(DATA FOR ANALYSIS)
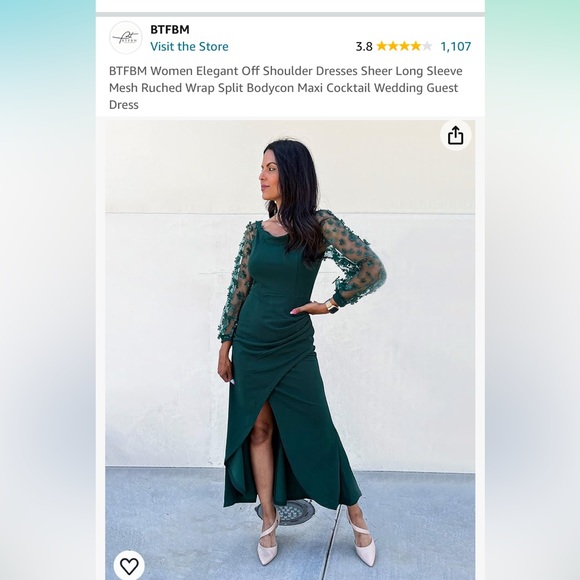 NWT Dark Green Floral Formal Dress - Picture 3 of 6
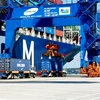 Cargo containers are loaded at Gemalink International Port in Ba Rịa-Vung Tau province. (Photo: VNA)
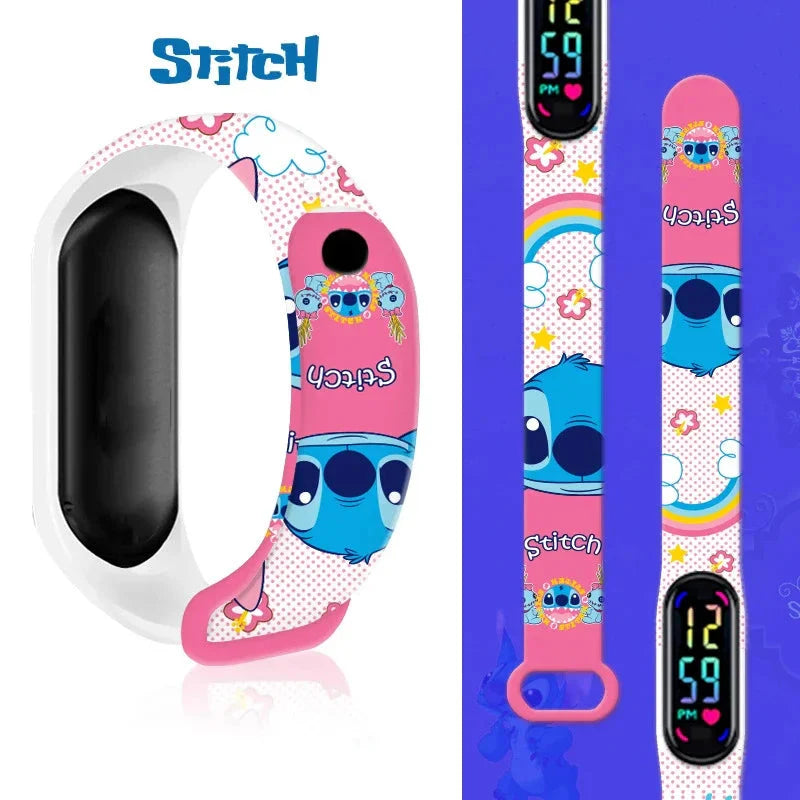Disney Stitch Digital Kids' Watches Anime Figures LED Luminous Watch Touch Waterproof Electronic Sports Watch Kids Birthday Gift
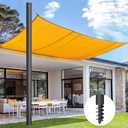 Shade Sail Poles, Heavy Duty Sun Shade Poles, Screw in Poles for Sun Shades Outdoor, 12 Ft Sun Shade Sail Poles with D-Clamps, 2.28" Sun Shade Pole Kit for Ground Soil Backyard,Black, 12FT Single Pack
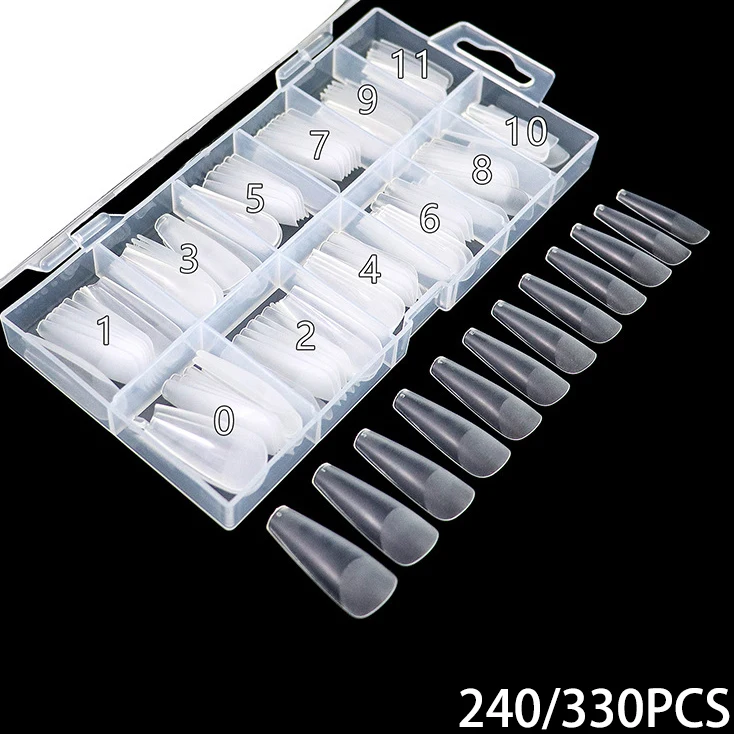 240/330 Stück Einfarbige Matte Ballet Coffin Nagelspitzen Lange Transparente Acryl-Kunstnägel Gepresste Vollabdeckung Set mit 12 Größen – Detail 6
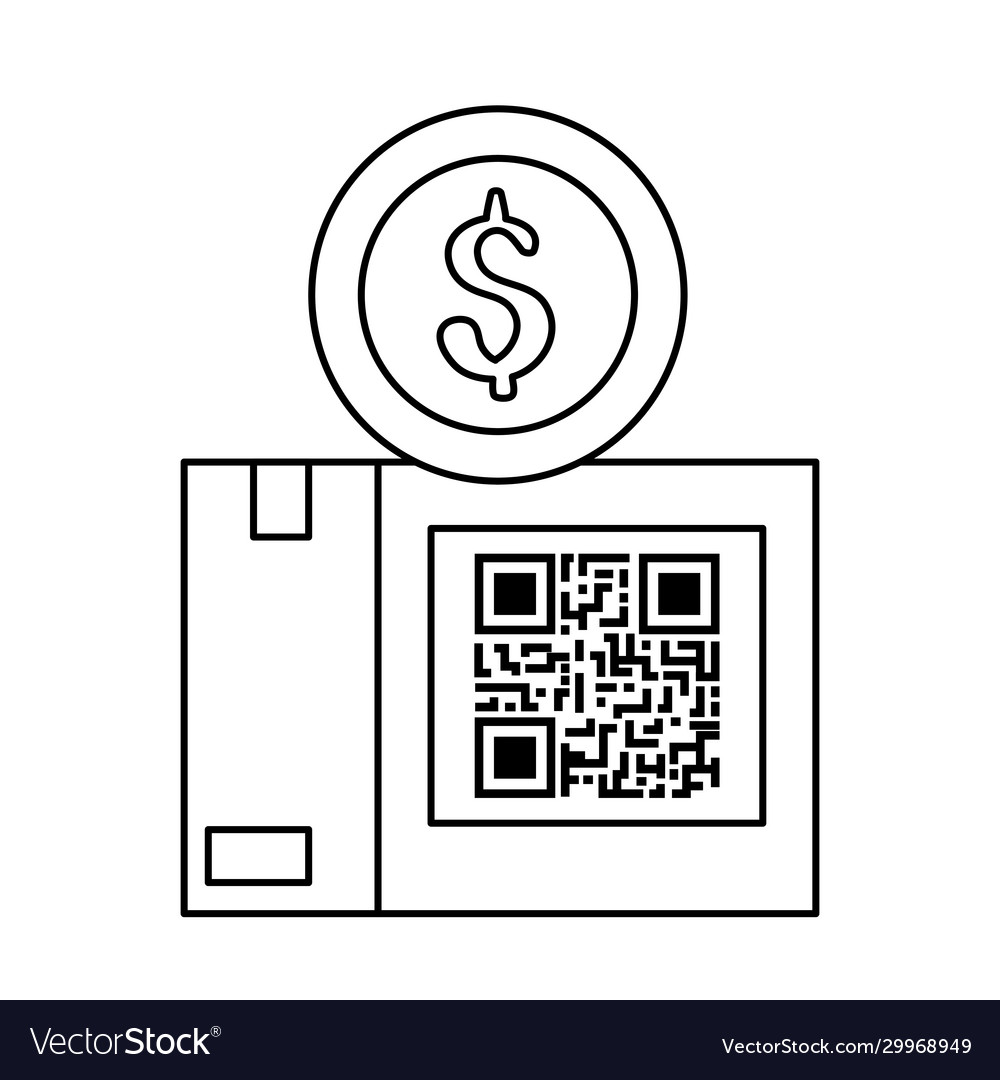 Code qr in Box mit Münz isoliert Icon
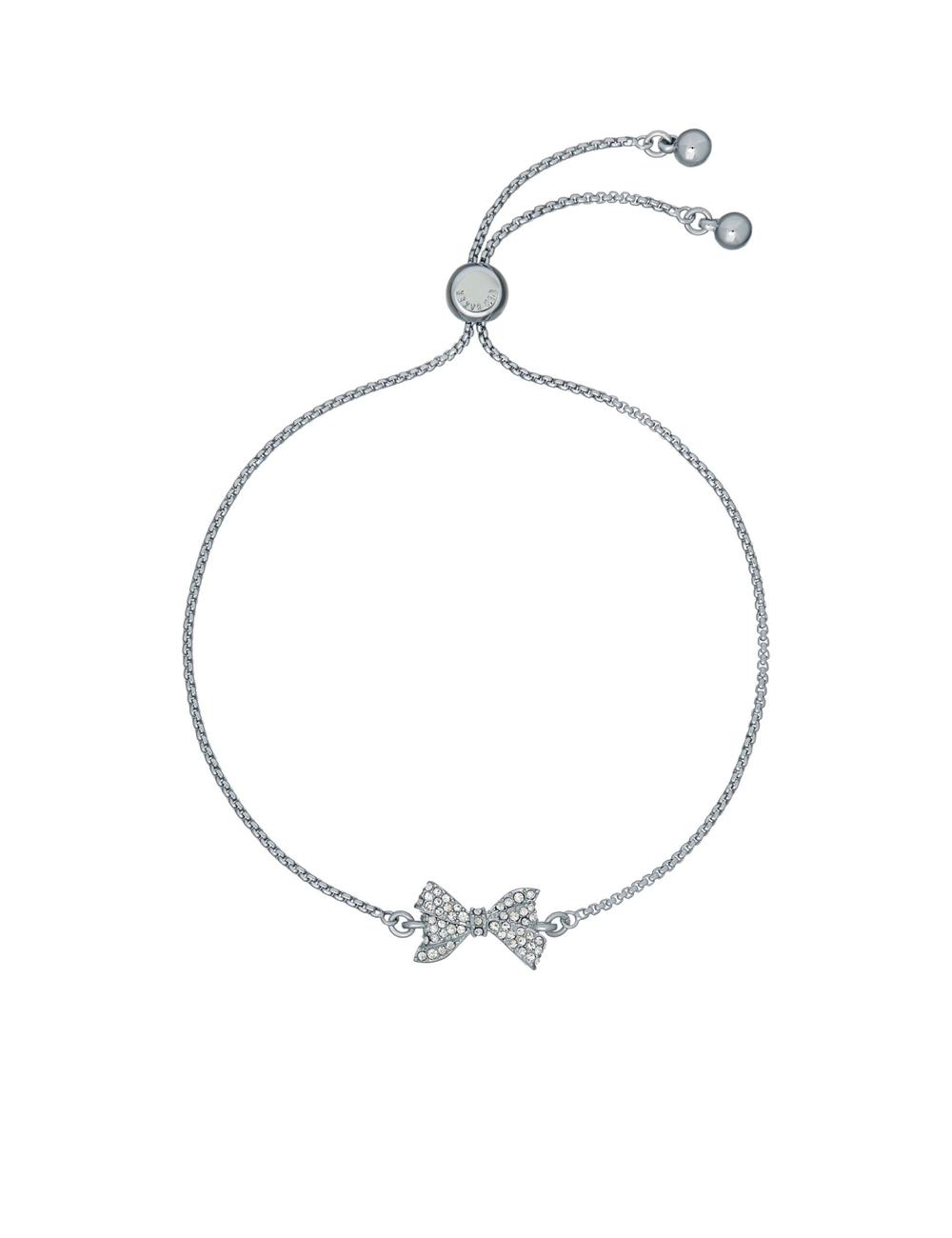 Women Ted Baker BARSET - Crystal Bow Adjustable Bracelets Silver | KSA  4089-ULYSK
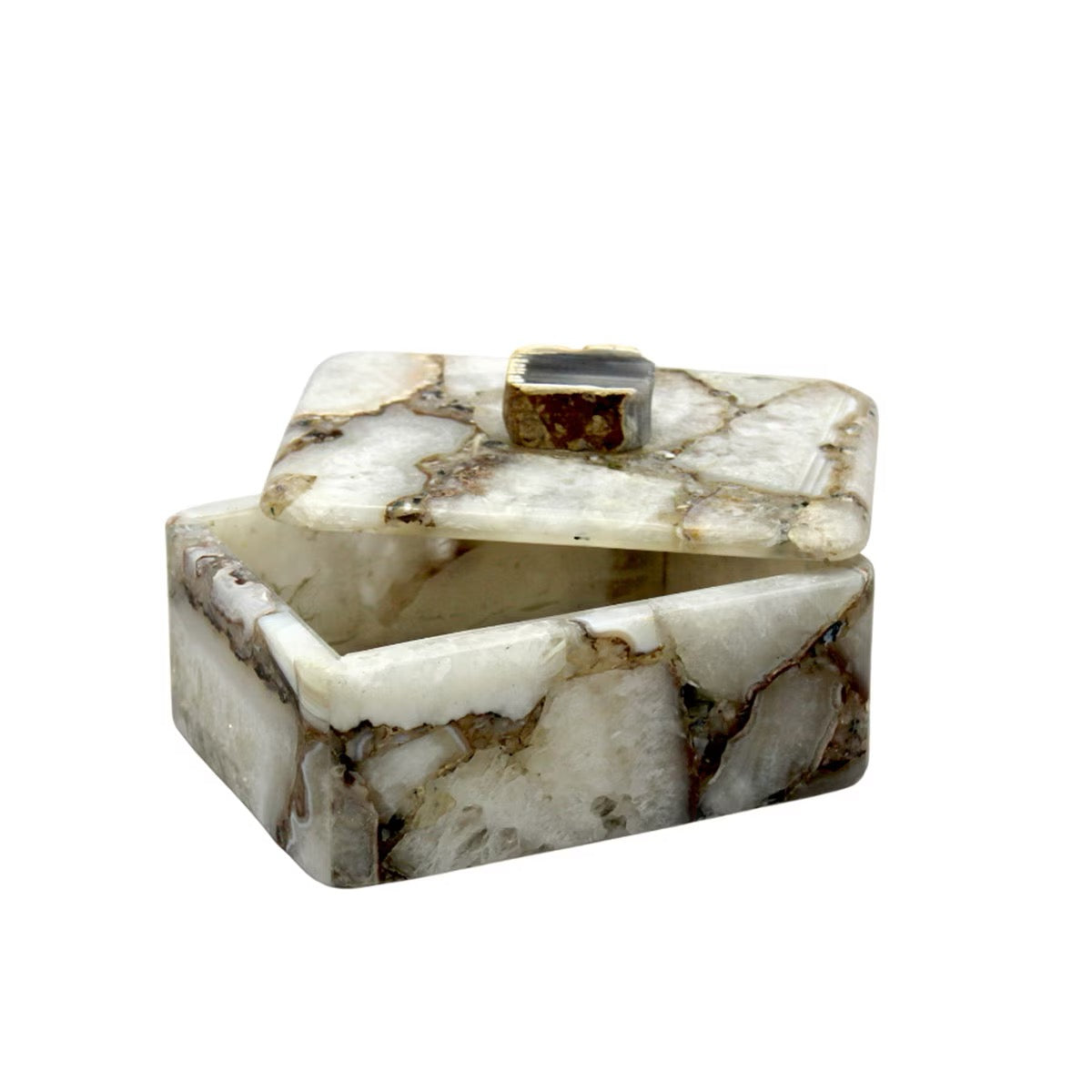 Agate Box with Natural Stone Knob - Thumbnail 2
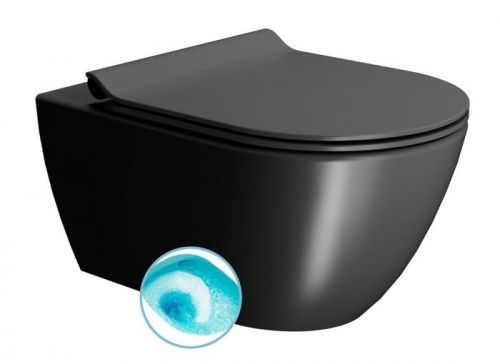 GSI - PURA WC závesné 55x36 cm, SWIRLFLUSH, čierna dual-mat (881526)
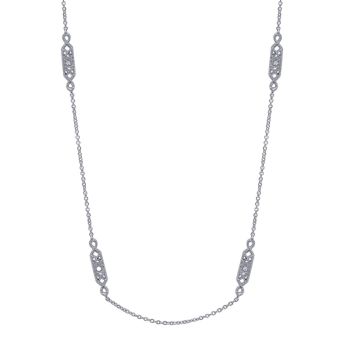 0.09 ct Round Cut Diamond By The Yard Necklace set in 14K White Gold NK756-18W45JJ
(End DATA FOR ANALYSIS)
### PROBLEM REQUIREMENTS
Taking the records above, print only and exactly the lines from the line with "Cargo containers are" to the line with "Women Ted Baker", both kept, and exclude pictures.

### WRITTEN SOLUTION
 Cargo containers are loaded at Gemalink International Port in Ba Rịa-Vung Tau province. (Photo: VNA)
Disney Stitch Digital Kids' Watches Anime Figures LED Luminous Watch Touch Waterproof Electronic Sports Watch Kids Birthday Gift
 Shade Sail Poles, Heavy Duty Sun Shade Poles, Screw in Poles for Sun Shades Outdoor, 12 Ft Sun Shade Sail Poles with D-Clamps, 2.28" Sun Shade Pole Kit for Ground Soil Backyard,Black, 12FT Single Pack
 240/330 Stück Einfarbige Matte Ballet Coffin Nagelspitzen Lange Transparente Acryl-Kunstnägel Gepresste Vollabdeckung Set mit 12 Größen – Detail 6
 Code qr in Box mit Münz isoliert Icon
 Women Ted Baker BARSET - Crystal Bow Adjustable Bracelets Silver | KSA  4089-ULYSK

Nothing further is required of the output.